= Supplied data =
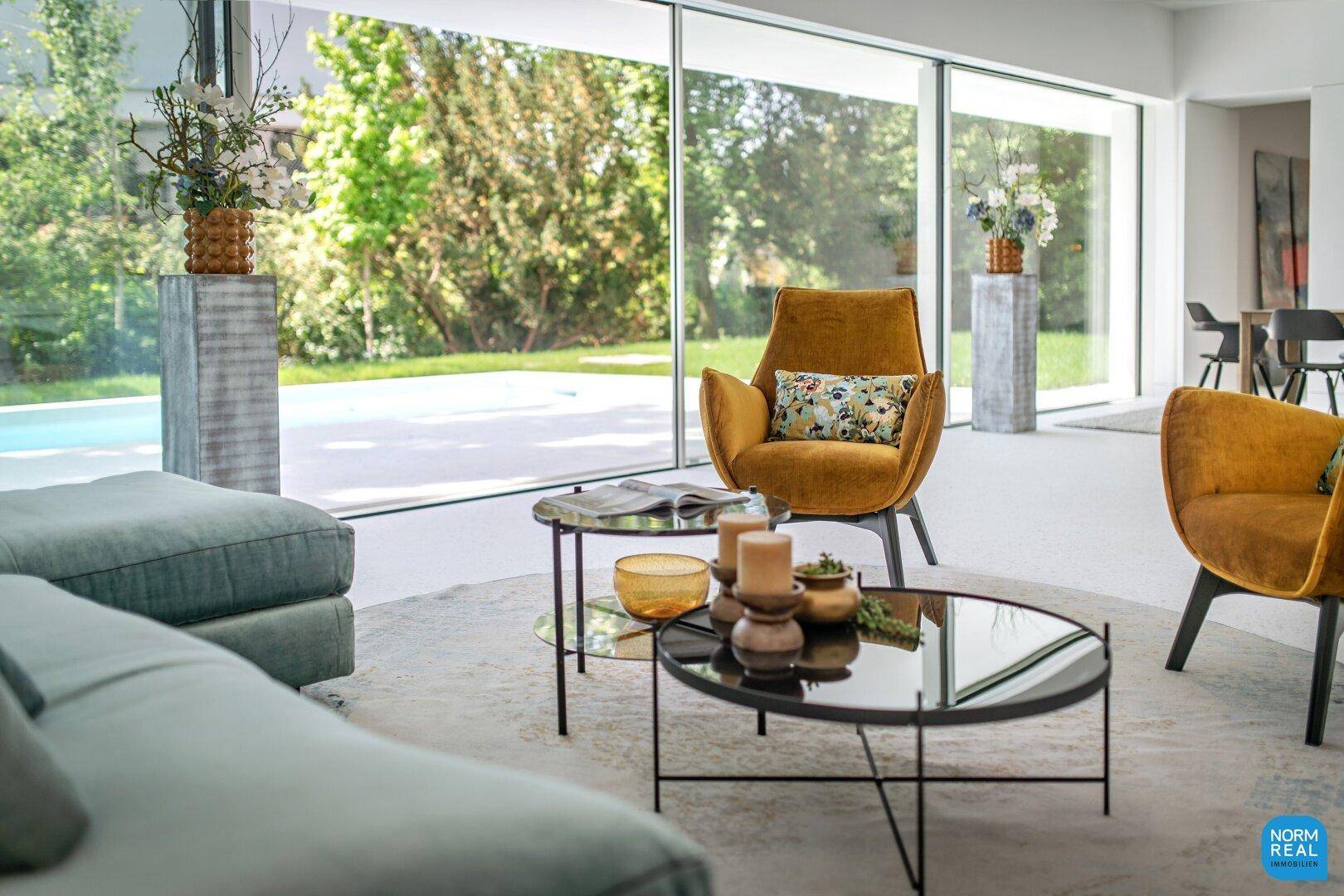 Helles Wohnzimmer mit raumhohen Fenstern, modernem Mobiliar und Blick auf den Pool und Garten.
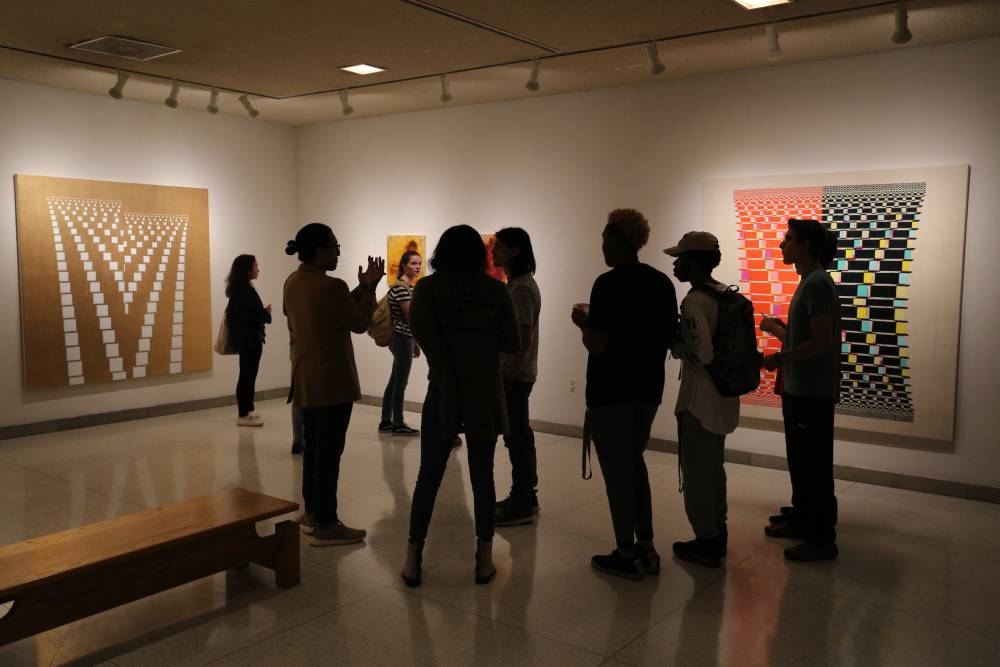 Students looking at art in an art gallery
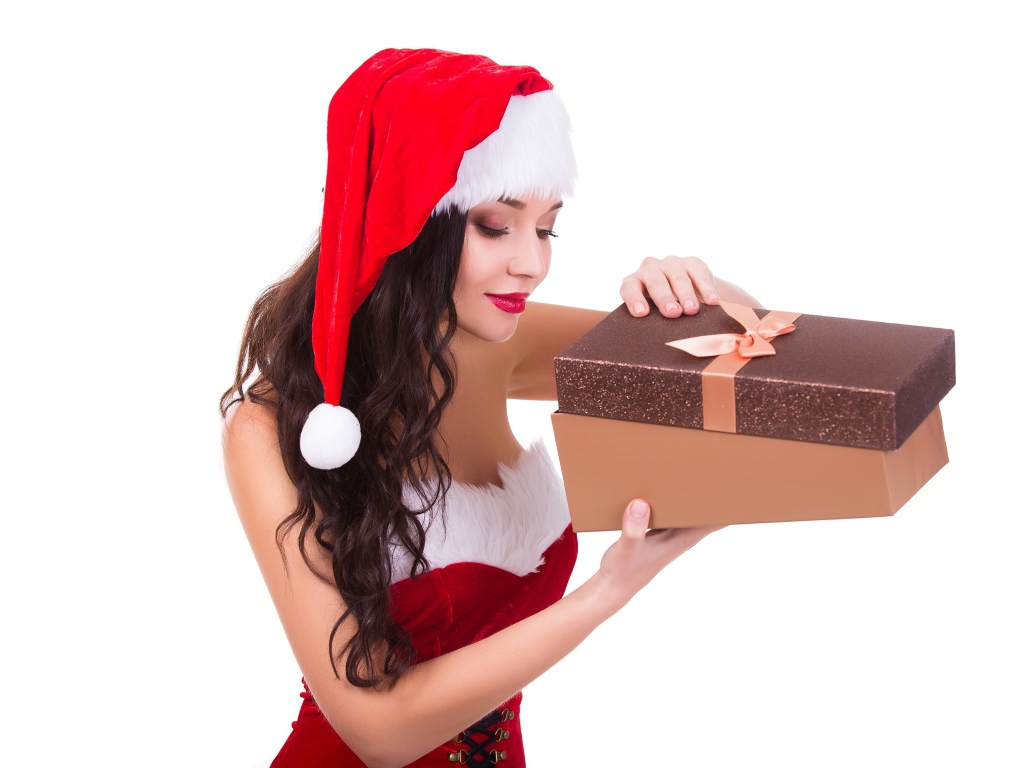 Красивая девушка Снегурочка открывает подарок на белом фоне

= Problem details =
Print the listing word for word, but omit the pictures.

= Solved problem =
 Helles Wohnzimmer mit raumhohen Fenstern, modernem Mobiliar und Blick auf den Pool und Garten.
 Students looking at art in an art gallery
 Красивая девушка Снегурочка открывает подарок на белом фоне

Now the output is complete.